In the Barbara Cartland suite at The Oriental in Bangkok, where she has come to help launch Cosmopolitan in Thailand, she is perched on the sofa like a spindly pink wraith. The Oriental's room allocation holds a certain irony; a preference for looking pretty in pink is possibly all that Barbara Cartland, champion of the virginal heroine, and Gurley Brown, author of Sex And The Single Girl, have in common. Back in 1965, when she revamped an insipid, faintly intellectual Hearst title which had been limping along since 1886, Gurley Brown changed the face of women's magazines forever with her emphasis on sex and foreplay.

The magazine's coverlines have always been famously lurid so it's perhaps worth noting that every one of them has been written by a man - HGB's husband, David Brown, Hollywood producer of The Sting and Jaws, and a dead ringer for Douglas Fairbanks Jr. He hovers solicitously about his wife who gives off an air of extreme fragility, much at odds with the feisty, go-get-'em image of Cosmo womanhood.
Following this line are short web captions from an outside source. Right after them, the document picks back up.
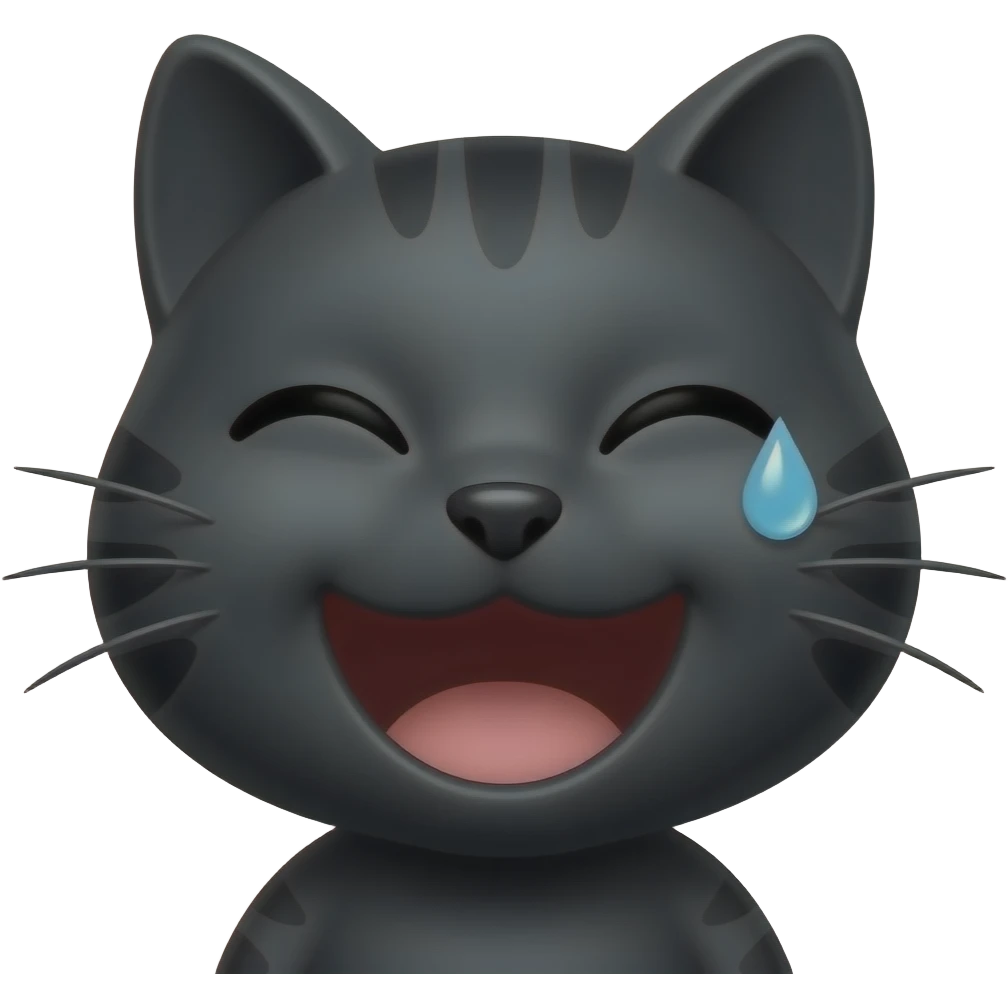 Black cat open mouth smile eyes closed sweat drop face emoji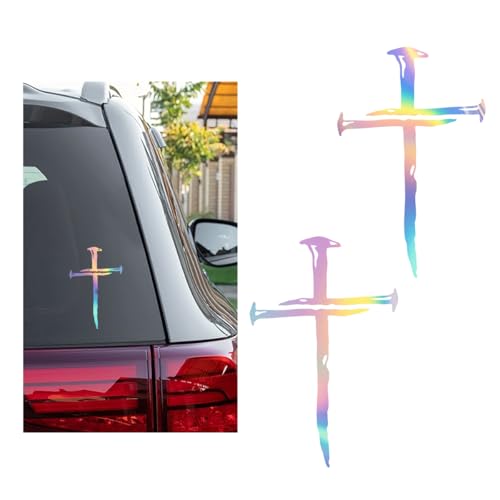 Image of DXNQ 2PCS Car Cross of Nails Sticker, Bumper Christian Sign Cross with Nails Decal, Removable Waterproof Sticker for Car Truck Window Motorcycle Helmet Laptop, Car Accessories (Colorful)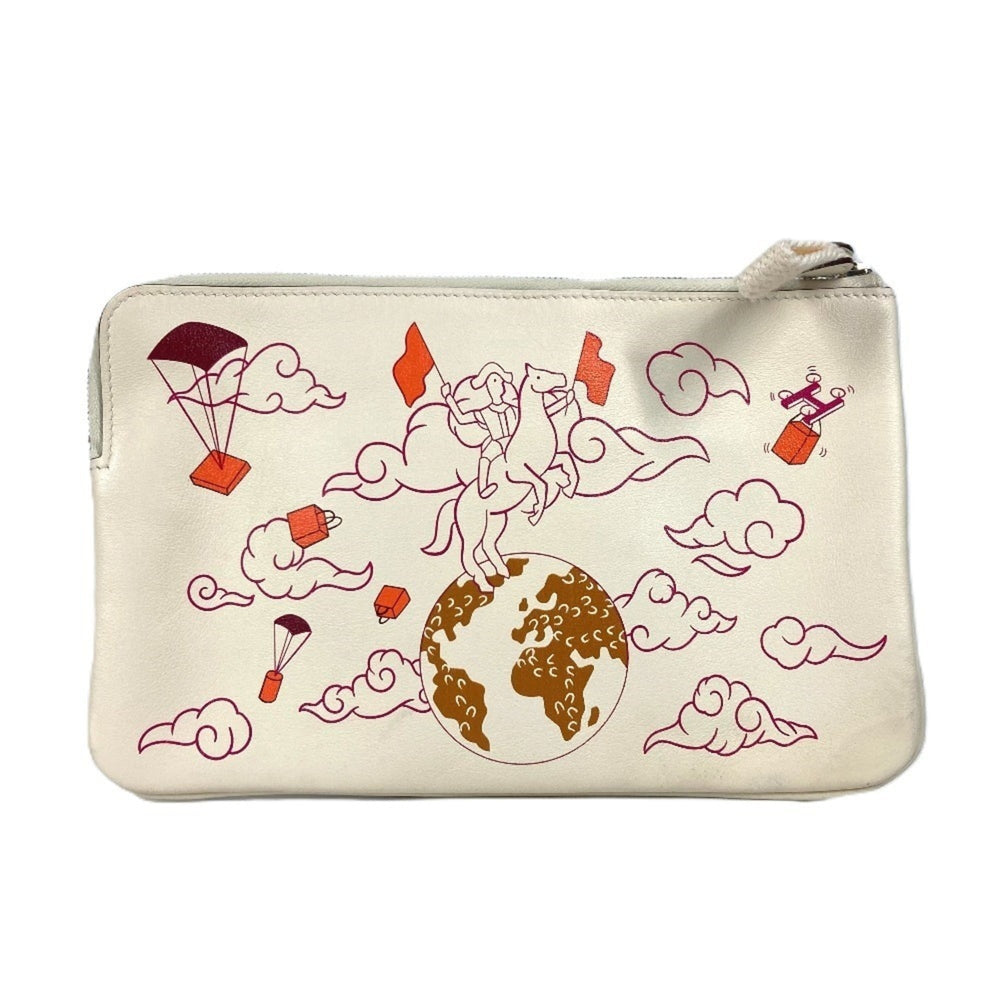 HERMES Hermes Carre Pocket Long Accessory Case Flat Pouch Bag Clutch Leather Women's Ivory — Like New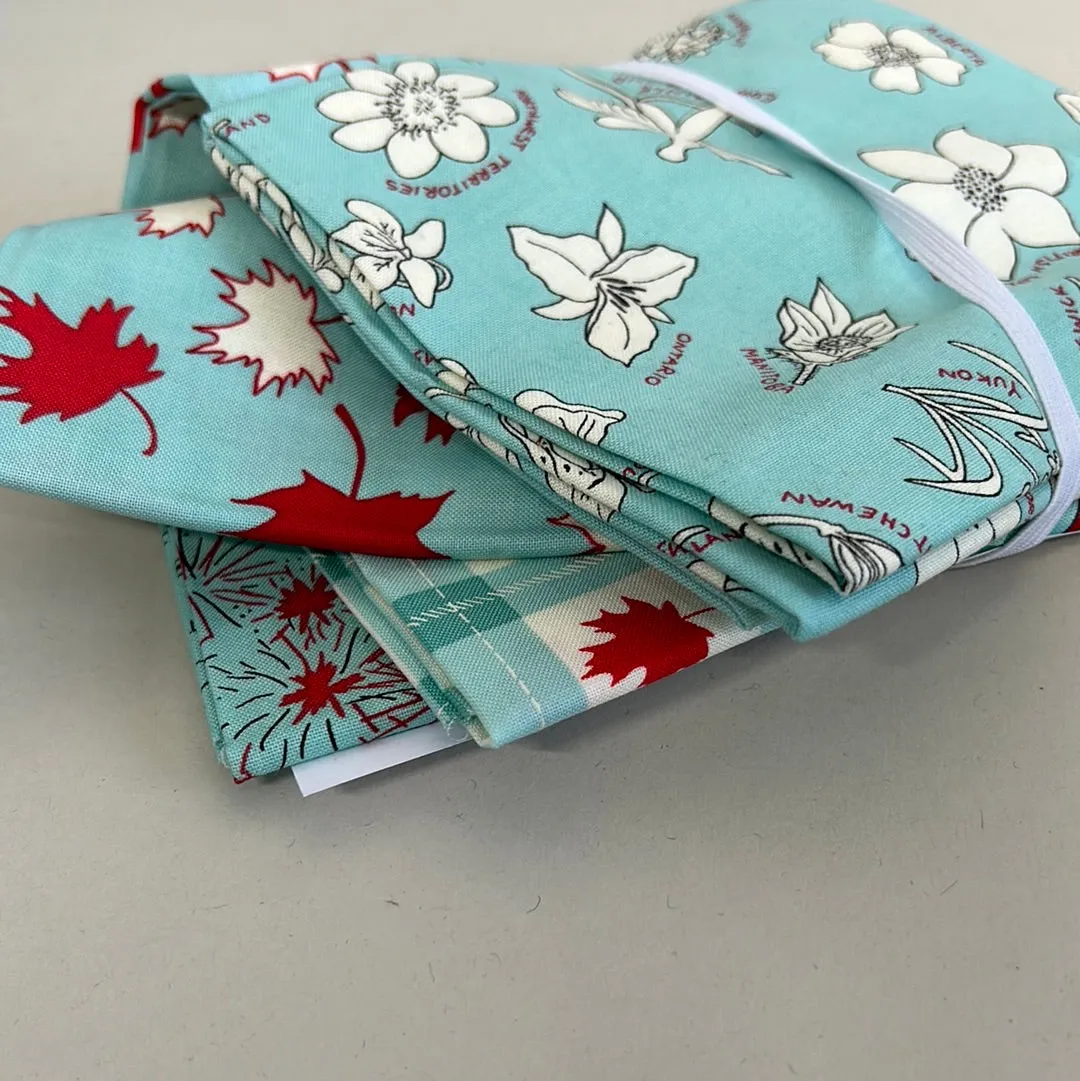 Quilting Cotton Fat Quarter Bundle, Aquas & Blues (WQC2301:2305, WQC2310:2312)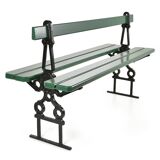 Davioud Parisian public bench in black cast iron and green wood
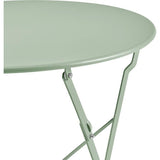 Set bistrot 2 personnes - Table ronde pliante 60 cm + 2 chaises - Acier thermolaqué - Vert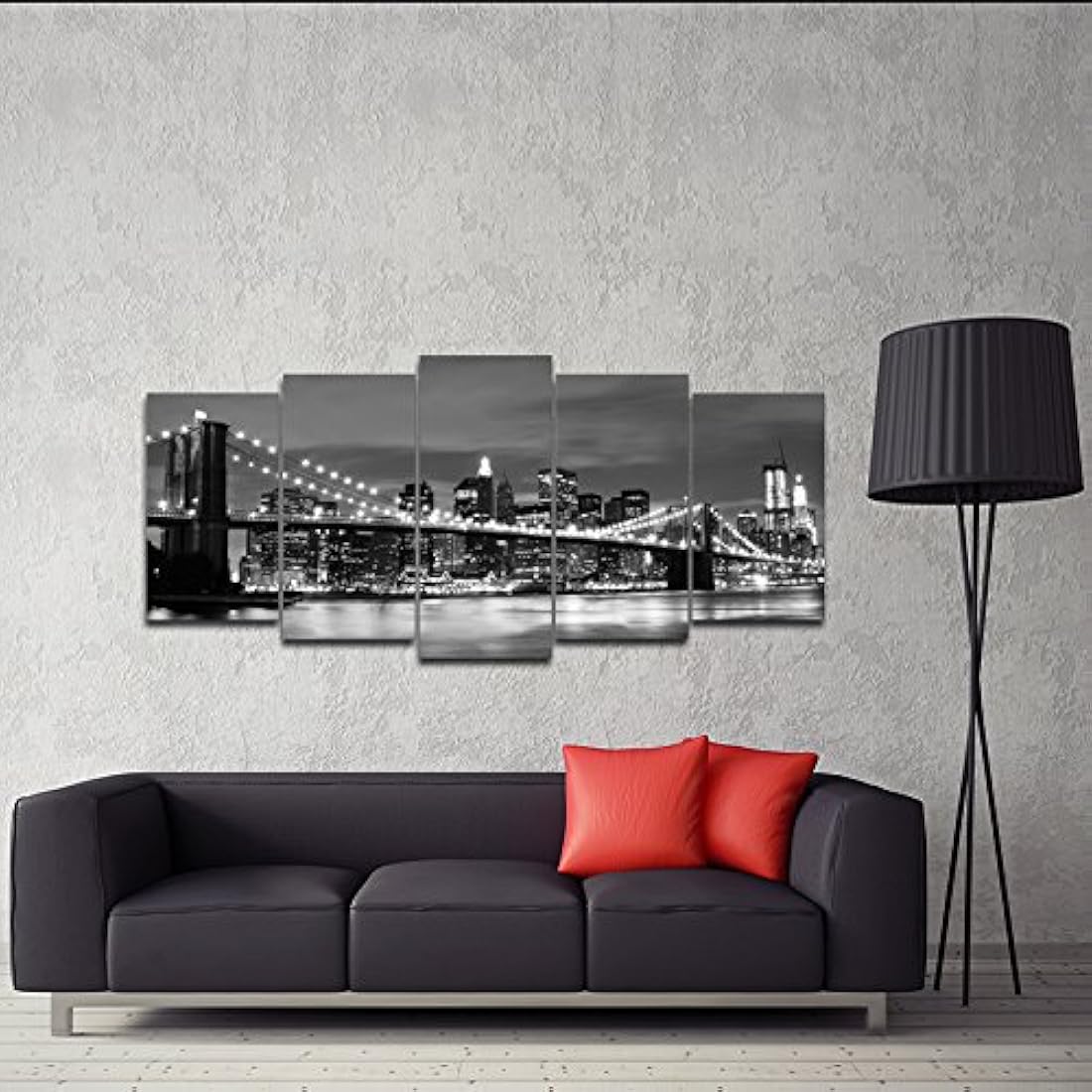 Cuadro de vista nocturna del puente de Brooklyn.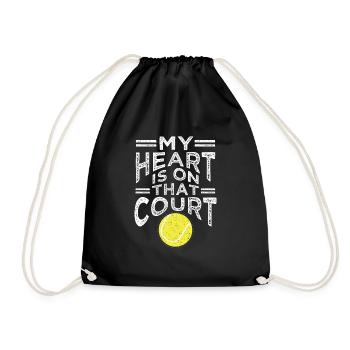 Mon cœur est sur ce court de tennis Mama Papa - Sac de sport léger - noir - Devant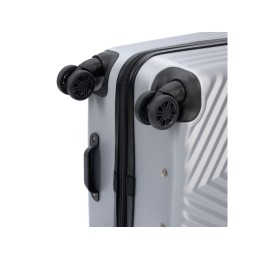 Чемодан TORBER ЛАМА, серебристый, ABS-пластик, 49 х 29,5 х 77 см, 92 л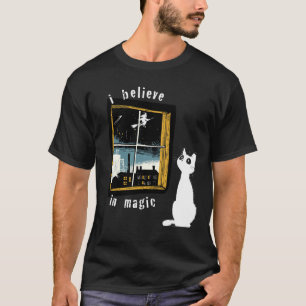 I Believe In Magic Vintage Linocut White Cat Witch T-Shirt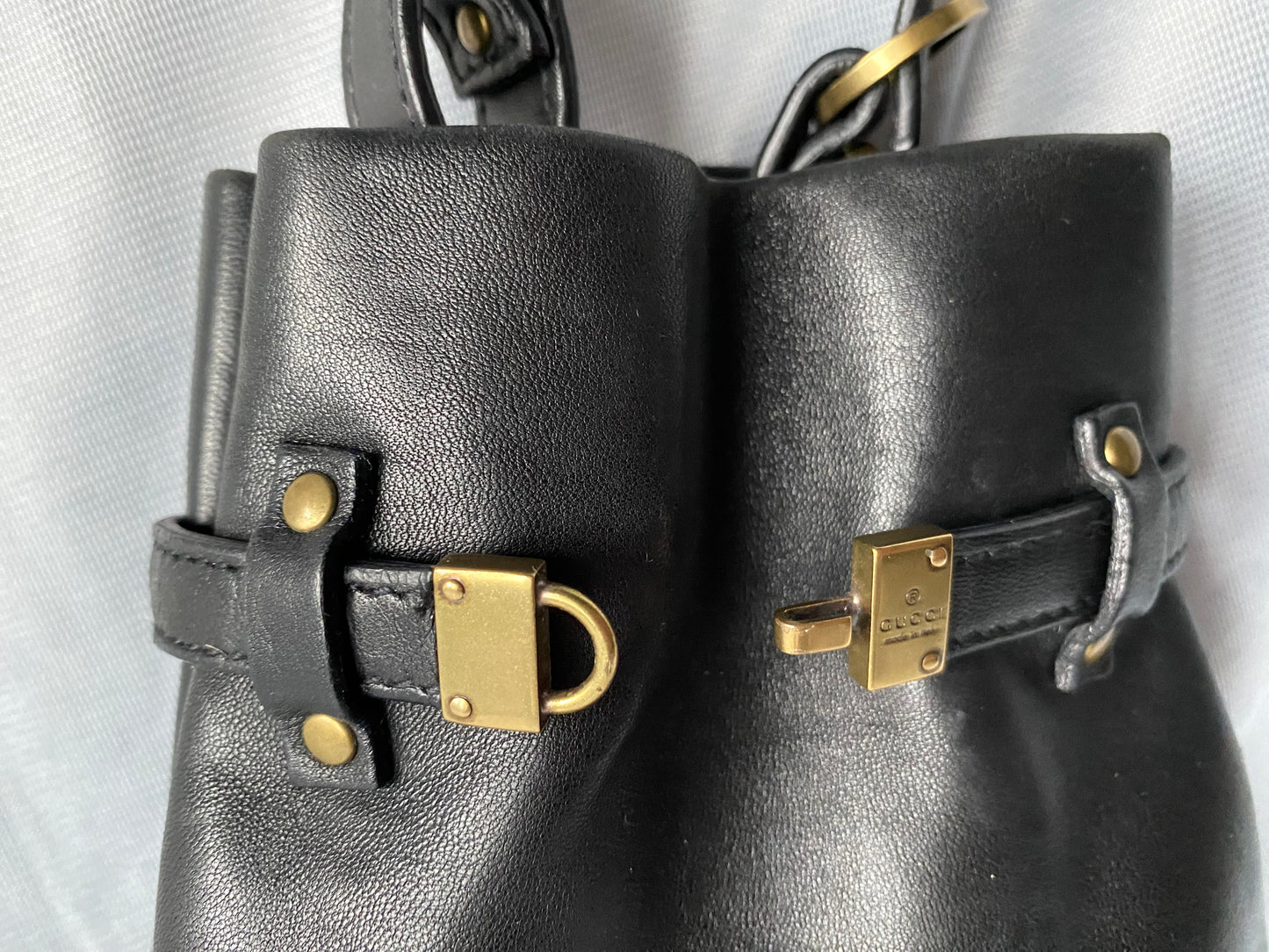 Gucci Black Leather Mini Bucket Handbag Vintage 1990s Soft Leather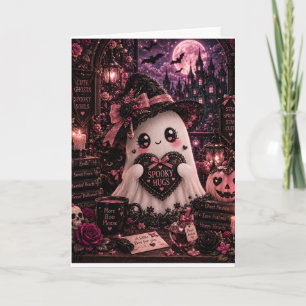 Tarjeta Gótico Lindo Rosa Fantasma Halloween Espeluznante 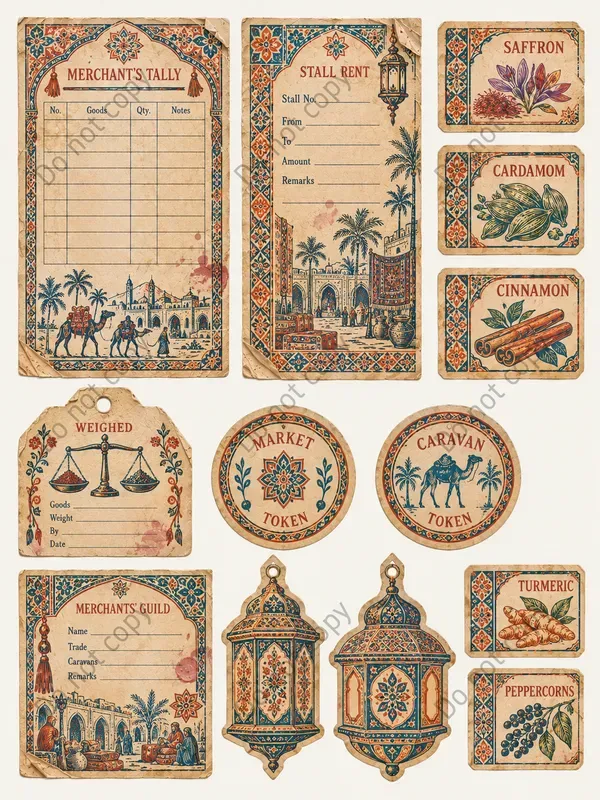 Persian Bazaar Ephemera Sheets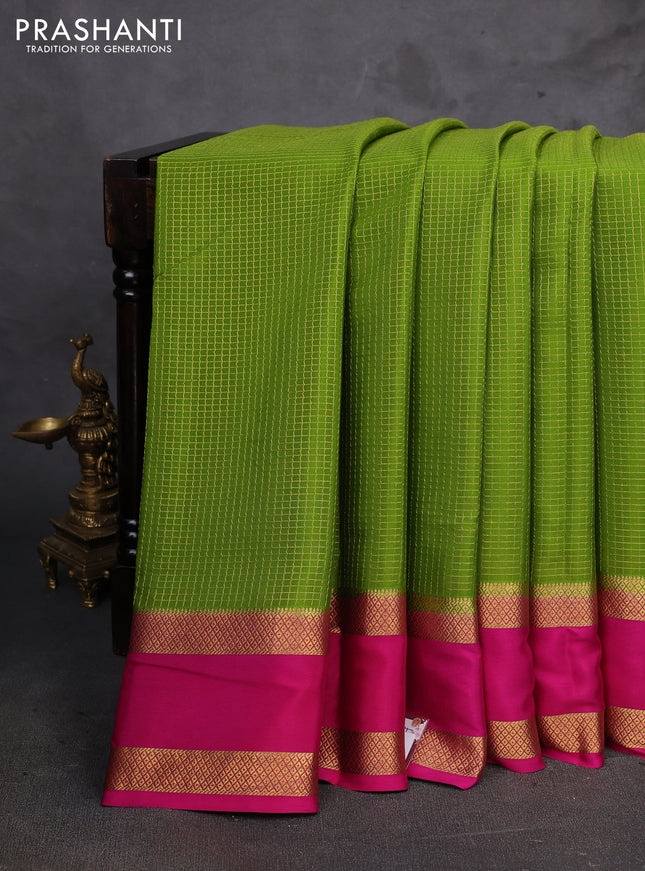 Green & Pink Pure Mysore Silk - Checks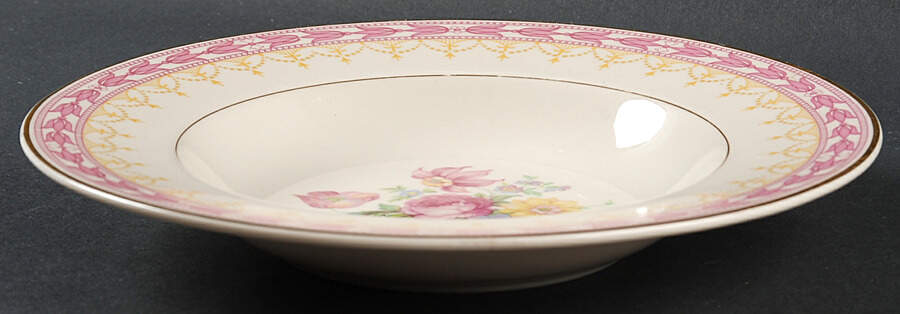 Betsy Ross Pink Rim Soup Bowl by Syracuse-1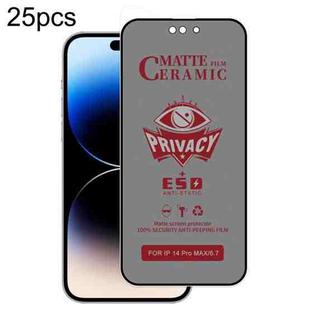 For iPhone 14 Pro Max 25pcs Full Coverage Frosted Privacy Ceramic Film
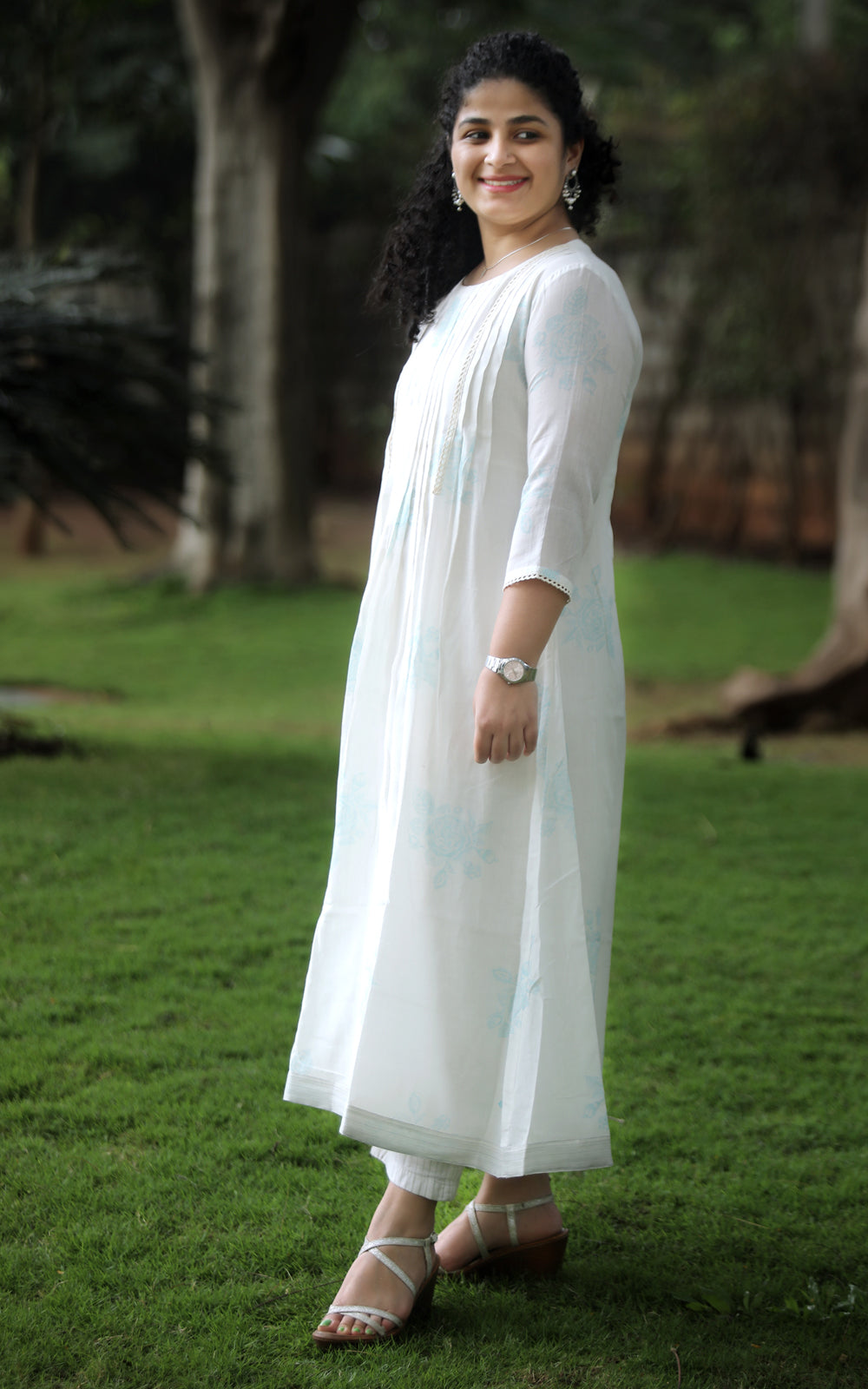 IVORY DESSERT ROSE KURTA DRESS- ACQA BLUE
In fact, Gurley Brown's position is no longer as strong as it was. Last year, Hearst decided to create a new position for her which moved her out of the hands-on arena of the magazine and into the world of international Cosmopolitans of which, by the end of this year, there will be 34. Southeast Asia is keeping her busy - following Thailand, there was a launch in the Philippines on April 25, in Poland on April 15 and there will be one in Indonesia in August. If the thought of an Islamic country filling its news-stands with stories about orgasm, infidelity and How To Get Your Man seems incongruous, Gurley Brown is unabashed. That is 'The Formula', she says and as Cosmopolitan is a genuine world-wide publishing phenomenon, it clearly works.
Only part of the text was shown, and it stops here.